Structuring a deal using seller financing that makes sense for both parties?

December 10, 2024
by a searcher in Las Vegas, NV, USA
Hi Folks, I am contemplating a future meeting with a potential target, seller, who is interested in financing the deal using seller financing. I would like to read your experiences using this vehicle to close the gap between their expectations and mines. Where can I learn on how to structure a deal that makes sense for both parties?
from University of Pennsylvania in Denver, CO, USA
- Seller note: pretty straight forward; If you go down this route I would try and write the terms of the seller note so that it does not have a personal guarantee
- Forgivable seller note: I've typically seen these written with conditions based on the companies performance after the first year (e.g. seller note is forgivable if revenue does not exceed $X after 1 year). I've often seen forgivable seller notes with sliding scales (e.g. if revenue exceeds $2M after the first year then the seller's note will be 100% of the agreed upon value, if revenue is between $1.5M and $2M then the seller's note will be 75% of the agreed upon value, ...)
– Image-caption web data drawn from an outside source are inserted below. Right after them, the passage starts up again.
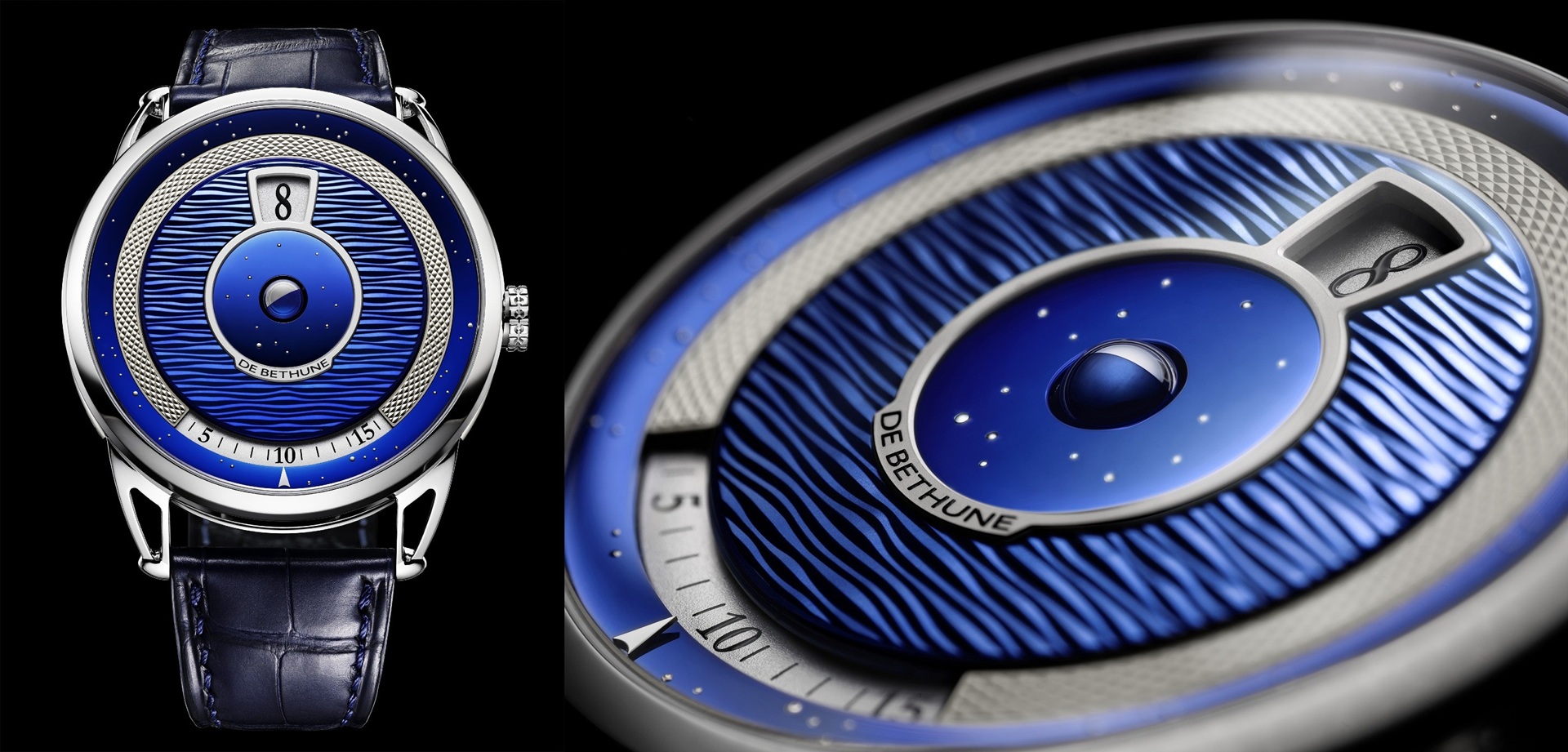 De Bethune DB25 Digitale.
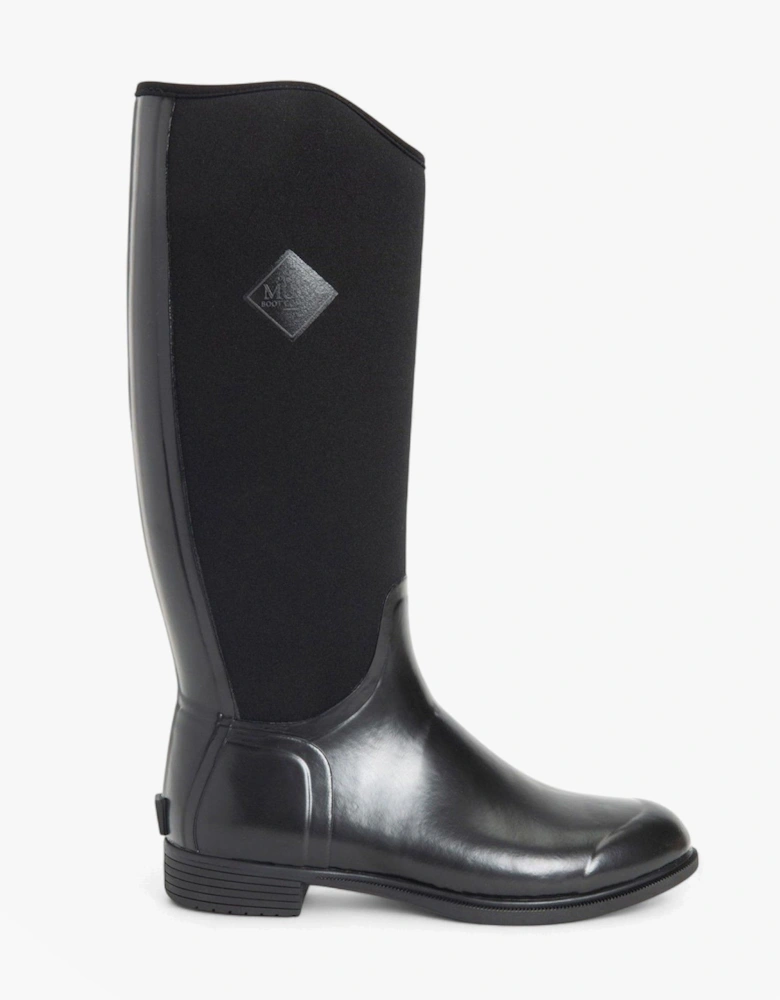 Muck Boots DERBY Womens Wellington Boots Black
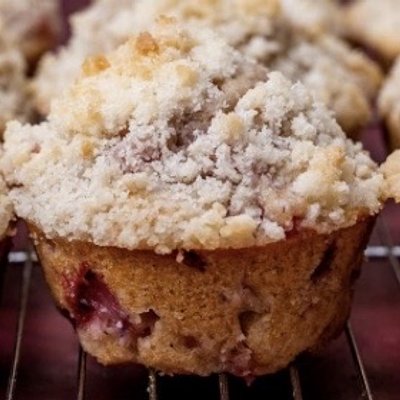 Strawberry Streusel Muffins - 1 Dozen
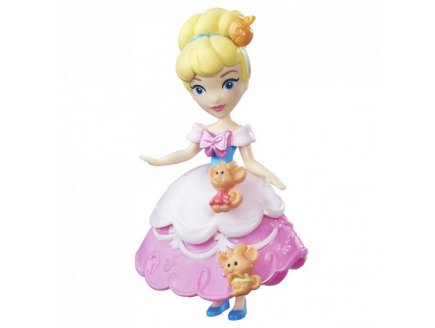 Mini princesse : cendrillon - Hasbro b7158 - disney princesses - poupee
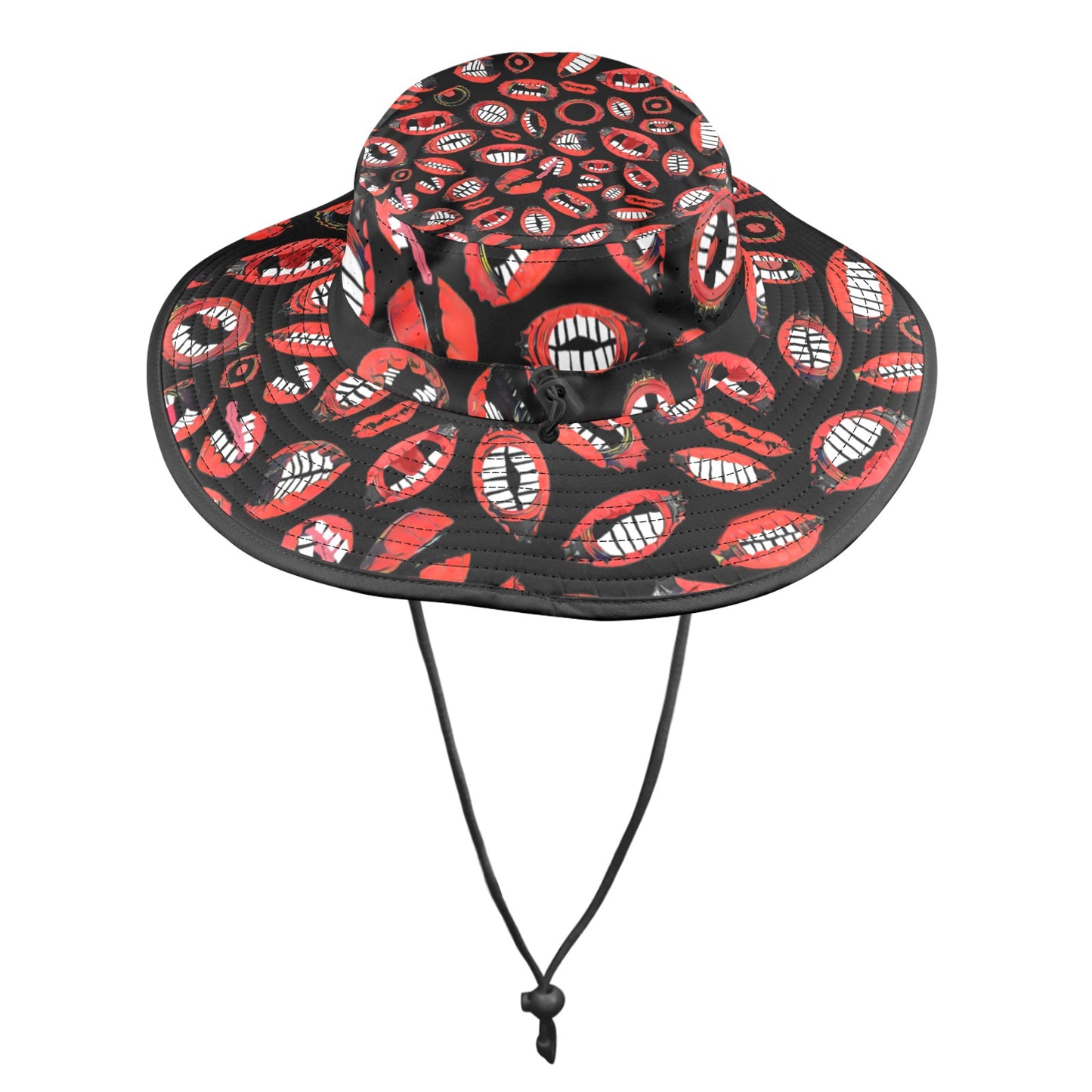 SPU Black Mouths Bucket Hat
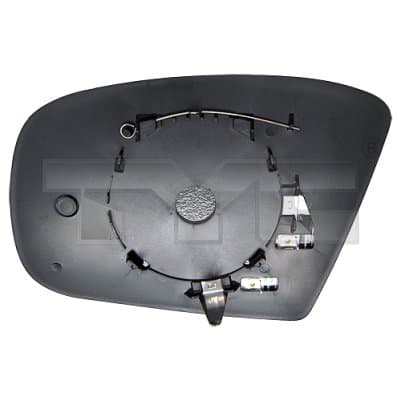 glas, exterior mirror image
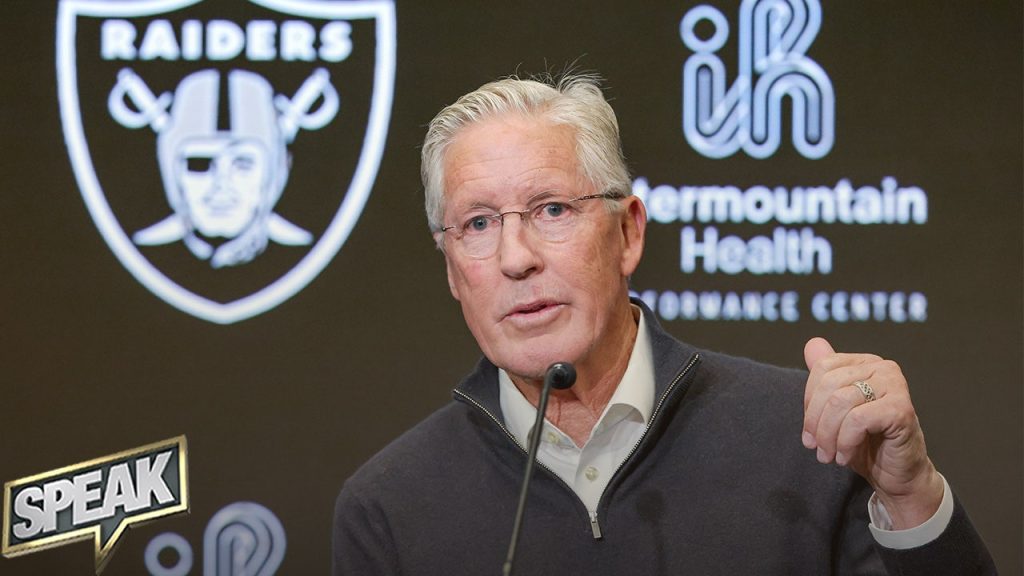 Bisakah Pete Carroll mengerjakan sihirnya dan membalikkan masalah QB Las Vegas Raiders? | Berbicara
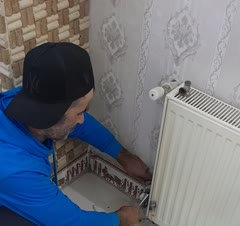 تعویض شیر برگشت رادیاتور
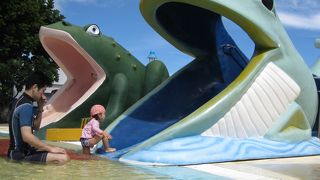 幼児連れにはよいウォーターパークです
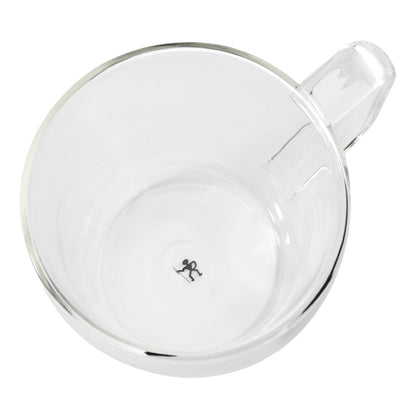 J.A. Henckels 6-piece Double Wall Glass Mug Set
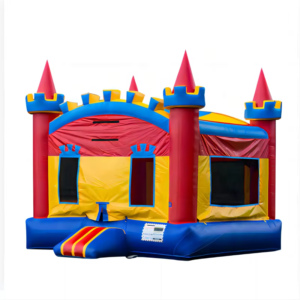 Multi-Color Eco-Friendly Bounce Castle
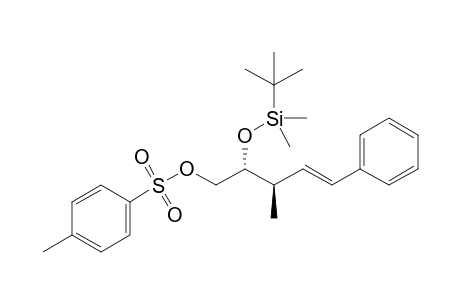 (2R,3R)-2-[(tert-Butyldimethylsilyl)oxy]-3-methyl-5-phenylpent-4(E)-ene-1-yl tosylate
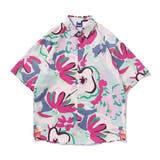 柄シャツ 花 フラワー | Decorative  | 詳細画像1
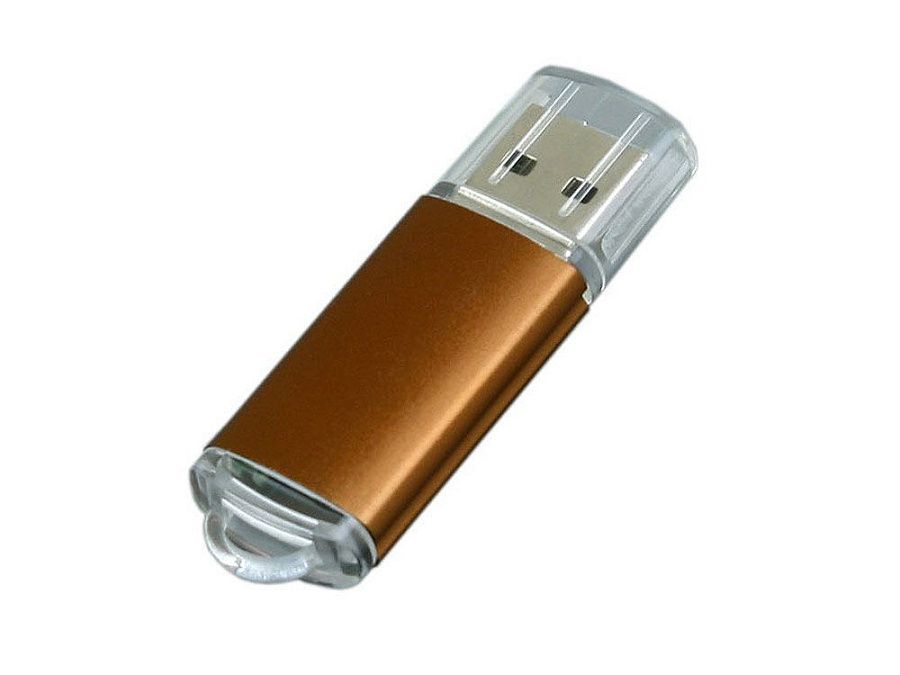 USB 3.0- флешка на 128 Гб с прозрачным колпачком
- Earnouts: these typically will favor the buyer the most. From personal experience, I would avoid trying to draft earnouts in a way that you plan on gaming (e.g. the seller has a much more optimistic POV regarding the companies future performance than you do) - this may seem like a way to make the purchase price sound a lot higher than (you believe) it will be but it's also more likely to result in future disputes which can translate into lengthy and expensive lawsuits.
Some things to consider:
- Seller financing structure and terms are more limited if you get an SBA loan (e.g. the term of the seller note must be equal to or greater than the term on the SBA loan).
- An aspect to consider from the seller's point-of-view is whether they are planning to stay on and for how long post acquisition. For example, if the seller is only planning on spending 3 months to transition the business over and then is leaving, their ability to influence the company's future performance and thereby hit the earnout milestones is fairly limited.
- Earnouts seem like the best way to align seller and buyer long-term goals but there is a catch: when milestones are not hit and therefore earnouts are not paid this can lead to disputes and possibly lengthy expensive lawsuits.
- For forgivable seller notes and earnouts complicated structures are more likely to lead to disputes (i.e. lawsuits) than simple structures. Metrics that more closely correlated to business profitability may seem like ideal candidates for structuring an earnout but note that these also tend to invite more disputes as they are easier to game. For example, EBITDA is more highly correlated to profitability than revenue but it's much easier for the seller to argue that the buyer acted in bad faith and incurred atypical expenses to avoid having to pay an earnout.